Learn R Programming

midr

The goal of ‘midr’ is to provide a model-agnostic method for interpreting and explaining black-box predictive models by creating a globally interpretable surrogate model. The package implements ‘Maximum Interpretation Decomposition’ (MID), a functional decomposition technique that finds an optimal additive approximation of the original model. This approximation is achieved by minimizing the squared error between the predictions of the black-box model and the surrogate model. The theoretical foundations of MID are described in Iwasawa & Matsumori (2025) [Forthcoming], and the package itself is detailed in Asashiba et al. (2025).

Installation

You can install the released version of midr from CRAN with:

install.packages("midr")

and the development version from GitHub with:

# install.packages("devtools")
devtools::install_github("ryo-asashi/midr")

Examples

In the following example, we fit a random forest model to the Boston dataset included in ISLR2, and then attempt to interpret it using the functions of midr.

# load required packages
library(midr)
library(ggplot2)
library(gridExtra)
library(ISLR2)
library(ranger)
theme_set(theme_midr())
# split the Boston dataset
data("Boston", package = "ISLR2")
set.seed(42)
idx <- sample(nrow(Boston), nrow(Boston) * .75)
train <- Boston[ idx, ]
valid <- Boston[-idx, ]
# fit a random forest model
rf <- ranger(medv ~ ., train, mtry = 5)
preds_rf <- predict(rf, valid)$predictions
cat("RMSE: ", weighted.loss(valid$medv, preds_rf))
#> RMSE:  3.351362

The first step is to create a MID model as a global surrogate of the target model using interpret().
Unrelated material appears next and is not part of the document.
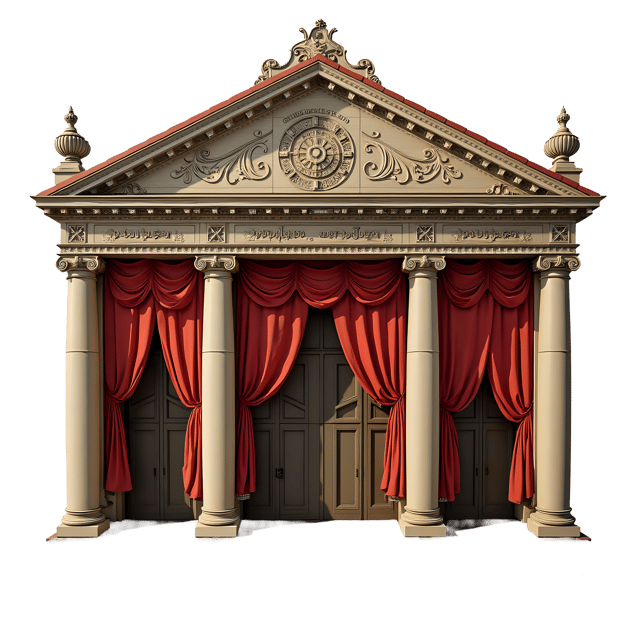Free transparent PNG: Victorian Paper Theater PNG Clipart  Perfect for Historical Crafts  Decor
# fit a two-dimensional MID model
mid <- interpret(medv ~ .^2, train, rf, lambda = .1)
mid
#> 
#> Call:
#> interpret(formula = yhat ~ .^2, data = train, model = rf, lambda = 0.1)
#> 
#> Model Class: ranger
#> 
#> Intercept: 22.446
#> 
#> Main Effects:
#> 12 main effect terms
#> 
#> Interactions:
#> 66 interaction terms
#> 
#> Uninterpreted Variation Ratio: 0.016249
preds_mid <- predict(mid, valid)
cat("RMSE: ", weighted.loss(preds_rf, preds_mid))
#> RMSE:  1.106763
cat("RMSE: ", weighted.loss(valid$medv, preds_mid))
#> RMSE:  3.306072

To visualize the main and interaction effects of the variables, apply ggmid() or plot() to the fitted MID model.

# visualize the main and interaction effects of the MID model
grid.arrange(
  ggmid(mid, "lstat") +
    ggtitle("main effect of lstat"),
  ggmid(mid, "dis") +
    ggtitle("main effect of dis"),
  ggmid(mid, "lstat:dis") +
    ggtitle("interaction of lstat:dis"),
  ggmid(mid, "lstat:dis", main.effects = TRUE, type = "compound") +
    ggtitle("interaction + main effects")
)
# visualize all main effects
grid.arrange(grobs = mid.plots(mid), nrow = 3)

mid.importance() helps to compute and compare the importance of main and interaction effects.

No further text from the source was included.